Images do not belong in the copy. Retype the entries exactly.
•••
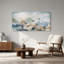 Oiseaux survolant des montagnes de marbre turquoise et or - Tableau sur toile-934906675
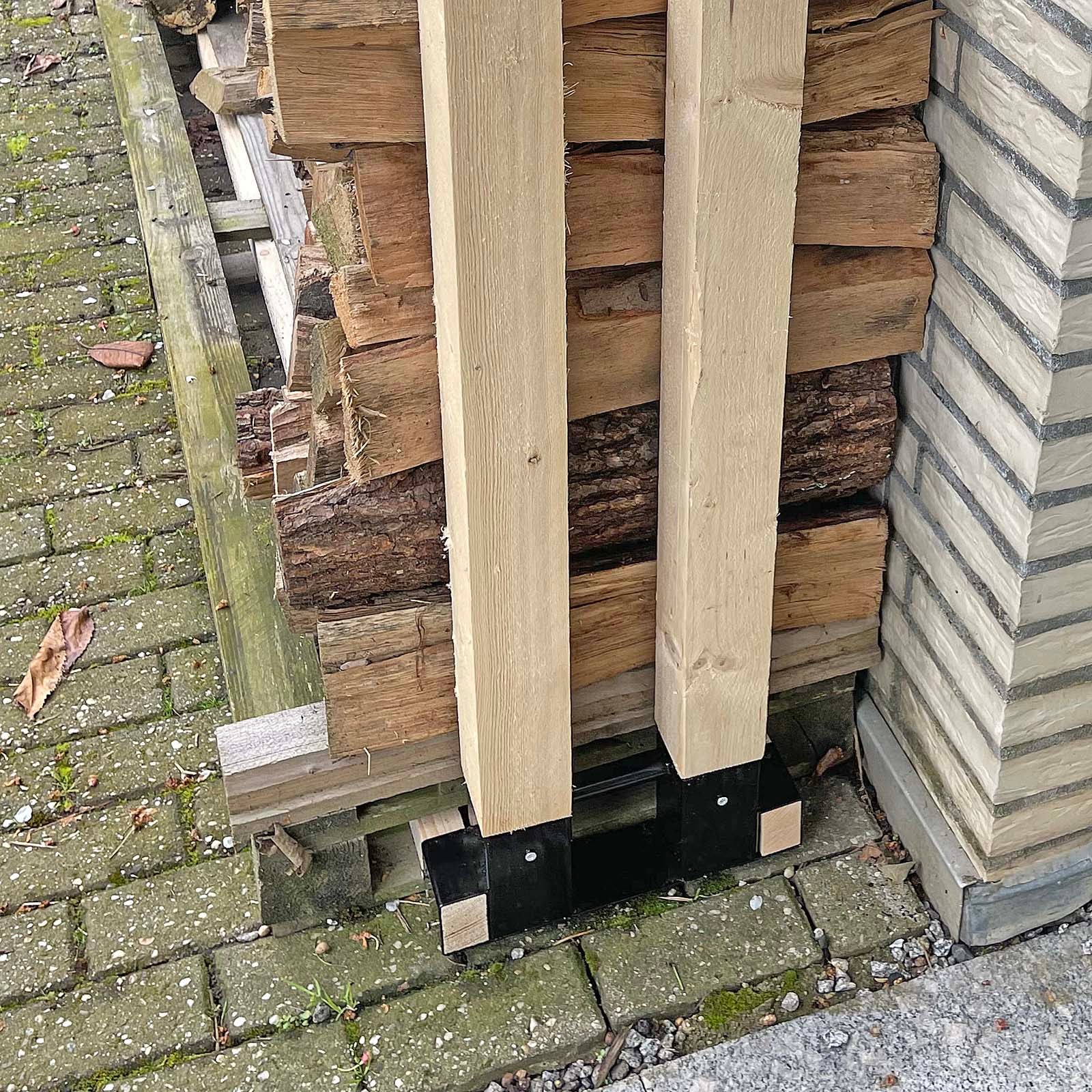 Lot de 2x Support serre-bûches – 335 x 85 x 130 mm – Revêtement par poudre – Patins range-bûches pour Stockage Empilage de Bois de… Wiltec - 3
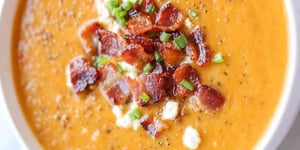 Soupe de Courge Butternut Rôti et Bacon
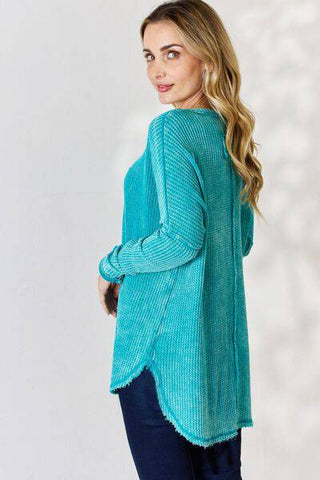 Zenana Oversized Washed Waffle Long Sleeve Top - 1985 the VAULT Boutique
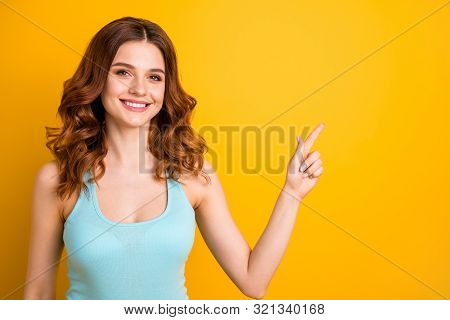 Copyspace Photo Of Curly Wavy Foxy Charming Cute Pretty Sweet Lovely Girlfriend Kindly Looking At Yo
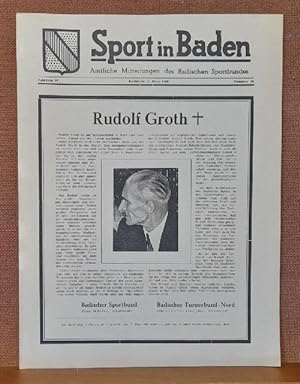Nachruf für Rudolf Groth in: "Sport in Baden" (Amtliche Mitteilungen des Badischen Sportbundes 10...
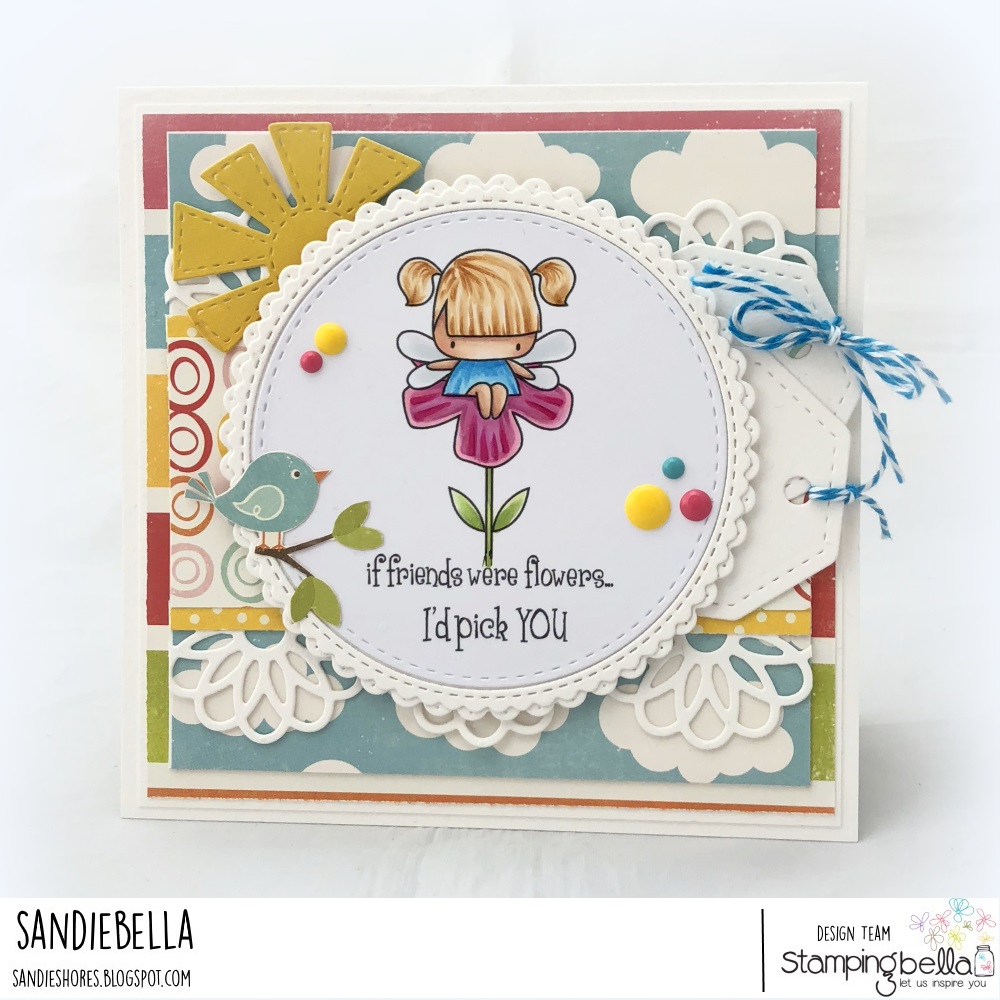 www.stampingbella.com: rubber stamp: LITTLE BITS FLORAL SET, LITTLE BITS FAIRY SET. CARD BY SANDIE DUNNE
•••
→ **Output of the exercise**
 Oiseaux survolant des montagnes de marbre turquoise et or - Tableau sur toile-934906675
 Lot de 2x Support serre-bûches – 335 x 85 x 130 mm – Revêtement par poudre – Patins range-bûches pour Stockage Empilage de Bois de… Wiltec - 3
 Soupe de Courge Butternut Rôti et Bacon
 Zenana Oversized Washed Waffle Long Sleeve Top - 1985 the VAULT Boutique
 Copyspace Photo Of Curly Wavy Foxy Charming Cute Pretty Sweet Lovely Girlfriend Kindly Looking At Yo
Nachruf für Rudolf Groth in: "Sport in Baden" (Amtliche Mitteilungen des Badischen Sportbundes 10...
 www.stampingbella.com: rubber stamp: LITTLE BITS FLORAL SET, LITTLE BITS FAIRY SET. CARD BY SANDIE DUNNE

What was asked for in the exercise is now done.